| Assigned task |
What you return must match the records character for character.

| Material supplied |
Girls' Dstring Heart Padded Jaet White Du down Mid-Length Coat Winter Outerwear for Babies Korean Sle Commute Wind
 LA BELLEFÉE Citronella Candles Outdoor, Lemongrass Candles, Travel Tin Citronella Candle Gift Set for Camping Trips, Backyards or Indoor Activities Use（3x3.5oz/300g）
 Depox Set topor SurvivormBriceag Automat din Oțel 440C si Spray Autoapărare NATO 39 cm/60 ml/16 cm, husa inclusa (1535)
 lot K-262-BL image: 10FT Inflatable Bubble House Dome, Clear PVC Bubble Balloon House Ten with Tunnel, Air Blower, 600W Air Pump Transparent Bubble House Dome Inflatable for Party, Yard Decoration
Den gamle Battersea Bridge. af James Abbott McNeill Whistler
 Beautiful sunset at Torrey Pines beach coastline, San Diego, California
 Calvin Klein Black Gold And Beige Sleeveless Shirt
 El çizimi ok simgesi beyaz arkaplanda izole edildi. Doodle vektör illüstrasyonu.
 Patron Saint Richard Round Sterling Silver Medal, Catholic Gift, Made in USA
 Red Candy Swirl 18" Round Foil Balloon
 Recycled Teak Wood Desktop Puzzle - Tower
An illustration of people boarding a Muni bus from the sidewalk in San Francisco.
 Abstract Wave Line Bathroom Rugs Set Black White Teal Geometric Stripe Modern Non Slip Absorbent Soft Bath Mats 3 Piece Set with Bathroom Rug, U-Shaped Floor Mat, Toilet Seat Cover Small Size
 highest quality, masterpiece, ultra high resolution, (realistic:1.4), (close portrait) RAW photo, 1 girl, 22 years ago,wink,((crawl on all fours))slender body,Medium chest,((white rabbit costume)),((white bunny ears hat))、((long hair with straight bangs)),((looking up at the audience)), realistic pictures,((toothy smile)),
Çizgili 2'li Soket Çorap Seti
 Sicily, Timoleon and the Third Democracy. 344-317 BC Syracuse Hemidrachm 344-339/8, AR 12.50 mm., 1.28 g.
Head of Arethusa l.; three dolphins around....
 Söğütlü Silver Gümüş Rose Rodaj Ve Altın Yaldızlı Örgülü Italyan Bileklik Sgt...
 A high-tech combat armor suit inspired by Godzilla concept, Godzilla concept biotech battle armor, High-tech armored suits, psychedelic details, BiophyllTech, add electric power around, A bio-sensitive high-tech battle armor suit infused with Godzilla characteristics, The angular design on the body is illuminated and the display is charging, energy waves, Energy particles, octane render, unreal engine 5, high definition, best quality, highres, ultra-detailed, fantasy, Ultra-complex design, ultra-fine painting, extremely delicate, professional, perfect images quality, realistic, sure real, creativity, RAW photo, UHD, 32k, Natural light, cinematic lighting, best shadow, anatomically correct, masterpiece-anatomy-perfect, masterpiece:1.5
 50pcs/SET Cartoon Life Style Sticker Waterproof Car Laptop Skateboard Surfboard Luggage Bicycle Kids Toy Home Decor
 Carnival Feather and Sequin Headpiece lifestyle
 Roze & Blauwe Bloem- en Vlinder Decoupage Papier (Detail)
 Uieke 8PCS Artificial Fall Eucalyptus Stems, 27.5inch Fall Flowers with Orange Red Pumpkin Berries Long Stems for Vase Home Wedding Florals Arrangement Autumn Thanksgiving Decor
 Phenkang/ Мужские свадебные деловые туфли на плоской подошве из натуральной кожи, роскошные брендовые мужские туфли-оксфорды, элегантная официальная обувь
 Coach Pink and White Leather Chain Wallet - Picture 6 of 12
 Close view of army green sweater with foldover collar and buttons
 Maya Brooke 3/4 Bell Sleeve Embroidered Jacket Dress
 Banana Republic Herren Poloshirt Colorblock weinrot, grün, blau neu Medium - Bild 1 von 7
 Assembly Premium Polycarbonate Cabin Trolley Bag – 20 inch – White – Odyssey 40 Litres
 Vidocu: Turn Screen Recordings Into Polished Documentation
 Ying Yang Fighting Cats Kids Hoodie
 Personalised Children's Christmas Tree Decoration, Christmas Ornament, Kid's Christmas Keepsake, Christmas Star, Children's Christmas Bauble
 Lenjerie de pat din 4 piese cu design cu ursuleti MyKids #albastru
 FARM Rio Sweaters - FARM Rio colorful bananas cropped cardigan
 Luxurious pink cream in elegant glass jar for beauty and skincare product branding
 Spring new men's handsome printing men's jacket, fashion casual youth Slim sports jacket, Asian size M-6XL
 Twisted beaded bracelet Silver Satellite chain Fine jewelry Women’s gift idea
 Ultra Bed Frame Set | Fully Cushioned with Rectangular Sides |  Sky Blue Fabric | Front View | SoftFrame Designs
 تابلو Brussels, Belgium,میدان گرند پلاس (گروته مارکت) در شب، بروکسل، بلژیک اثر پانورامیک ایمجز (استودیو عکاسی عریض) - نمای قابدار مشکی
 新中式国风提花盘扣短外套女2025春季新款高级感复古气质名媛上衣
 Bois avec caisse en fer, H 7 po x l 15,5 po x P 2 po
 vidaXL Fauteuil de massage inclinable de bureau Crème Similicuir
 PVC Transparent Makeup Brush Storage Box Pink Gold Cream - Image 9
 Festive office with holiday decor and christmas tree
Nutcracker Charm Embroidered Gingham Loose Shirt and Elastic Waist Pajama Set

| Exercise result |
Girls' Dstring Heart Padded Jaet White Du down Mid-Length Coat Winter Outerwear for Babies Korean Sle Commute Wind
 LA BELLEFÉE Citronella Candles Outdoor, Lemongrass Candles, Travel Tin Citronella Candle Gift Set for Camping Trips, Backyards or Indoor Activities Use（3x3.5oz/300g）
 Depox Set topor SurvivormBriceag Automat din Oțel 440C si Spray Autoapărare NATO 39 cm/60 ml/16 cm, husa inclusa (1535)
 lot K-262-BL image: 10FT Inflatable Bubble House Dome, Clear PVC Bubble Balloon House Ten with Tunnel, Air Blower, 600W Air Pump Transparent Bubble House Dome Inflatable for Party, Yard Decoration
Den gamle Battersea Bridge. af James Abbott McNeill Whistler
 Beautiful sunset at Torrey Pines beach coastline, San Diego, California
 Calvin Klein Black Gold And Beige Sleeveless Shirt
 El çizimi ok simgesi beyaz arkaplanda izole edildi. Doodle vektör illüstrasyonu.
 Patron Saint Richard Round Sterling Silver Medal, Catholic Gift, Made in USA
 Red Candy Swirl 18" Round Foil Balloon
 Recycled Teak Wood Desktop Puzzle - Tower
An illustration of people boarding a Muni bus from the sidewalk in San Francisco.
 Abstract Wave Line Bathroom Rugs Set Black White Teal Geometric Stripe Modern Non Slip Absorbent Soft Bath Mats 3 Piece Set with Bathroom Rug, U-Shaped Floor Mat, Toilet Seat Cover Small Size
 highest quality, masterpiece, ultra high resolution, (realistic:1.4), (close portrait) RAW photo, 1 girl, 22 years ago,wink,((crawl on all fours))slender body,Medium chest,((white rabbit costume)),((white bunny ears hat))、((long hair with straight bangs)),((looking up at the audience)), realistic pictures,((toothy smile)),
Çizgili 2'li Soket Çorap Seti
 Sicily, Timoleon and the Third Democracy. 344-317 BC Syracuse Hemidrachm 344-339/8, AR 12.50 mm., 1.28 g.
Head of Arethusa l.; three dolphins around....
 Söğütlü Silver Gümüş Rose Rodaj Ve Altın Yaldızlı Örgülü Italyan Bileklik Sgt...
 A high-tech combat armor suit inspired by Godzilla concept, Godzilla concept biotech battle armor, High-tech armored suits, psychedelic details, BiophyllTech, add electric power around, A bio-sensitive high-tech battle armor suit infused with Godzilla characteristics, The angular design on the body is illuminated and the display is charging, energy waves, Energy particles, octane render, unreal engine 5, high definition, best quality, highres, ultra-detailed, fantasy, Ultra-complex design, ultra-fine painting, extremely delicate, professional, perfect images quality, realistic, sure real, creativity, RAW photo, UHD, 32k, Natural light, cinematic lighting, best shadow, anatomically correct, masterpiece-anatomy-perfect, masterpiece:1.5
 50pcs/SET Cartoon Life Style Sticker Waterproof Car Laptop Skateboard Surfboard Luggage Bicycle Kids Toy Home Decor
 Carnival Feather and Sequin Headpiece lifestyle
 Roze & Blauwe Bloem- en Vlinder Decoupage Papier (Detail)
 Uieke 8PCS Artificial Fall Eucalyptus Stems, 27.5inch Fall Flowers with Orange Red Pumpkin Berries Long Stems for Vase Home Wedding Florals Arrangement Autumn Thanksgiving Decor
 Phenkang/ Мужские свадебные деловые туфли на плоской подошве из натуральной кожи, роскошные брендовые мужские туфли-оксфорды, элегантная официальная обувь
 Coach Pink and White Leather Chain Wallet - Picture 6 of 12
 Close view of army green sweater with foldover collar and buttons
 Maya Brooke 3/4 Bell Sleeve Embroidered Jacket Dress
 Banana Republic Herren Poloshirt Colorblock weinrot, grün, blau neu Medium - Bild 1 von 7
 Assembly Premium Polycarbonate Cabin Trolley Bag – 20 inch – White – Odyssey 40 Litres
 Vidocu: Turn Screen Recordings Into Polished Documentation
 Ying Yang Fighting Cats Kids Hoodie
 Personalised Children's Christmas Tree Decoration, Christmas Ornament, Kid's Christmas Keepsake, Christmas Star, Children's Christmas Bauble
 Lenjerie de pat din 4 piese cu design cu ursuleti MyKids #albastru
 FARM Rio Sweaters - FARM Rio colorful bananas cropped cardigan
 Luxurious pink cream in elegant glass jar for beauty and skincare product branding
 Spring new men's handsome printing men's jacket, fashion casual youth Slim sports jacket, Asian size M-6XL
 Twisted beaded bracelet Silver Satellite chain Fine jewelry Women’s gift idea
 Ultra Bed Frame Set | Fully Cushioned with Rectangular Sides |  Sky Blue Fabric | Front View | SoftFrame Designs
 تابلو Brussels, Belgium,میدان گرند پلاس (گروته مارکت) در شب، بروکسل، بلژیک اثر پانورامیک ایمجز (استودیو عکاسی عریض) - نمای قابدار مشکی
 新中式国风提花盘扣短外套女2025春季新款高级感复古气质名媛上衣
 Bois avec caisse en fer, H 7 po x l 15,5 po x P 2 po
 vidaXL Fauteuil de massage inclinable de bureau Crème Similicuir
 PVC Transparent Makeup Brush Storage Box Pink Gold Cream - Image 9
 Festive office with holiday decor and christmas tree
Nutcracker Charm Embroidered Gingham Loose Shirt and Elastic Waist Pajama Set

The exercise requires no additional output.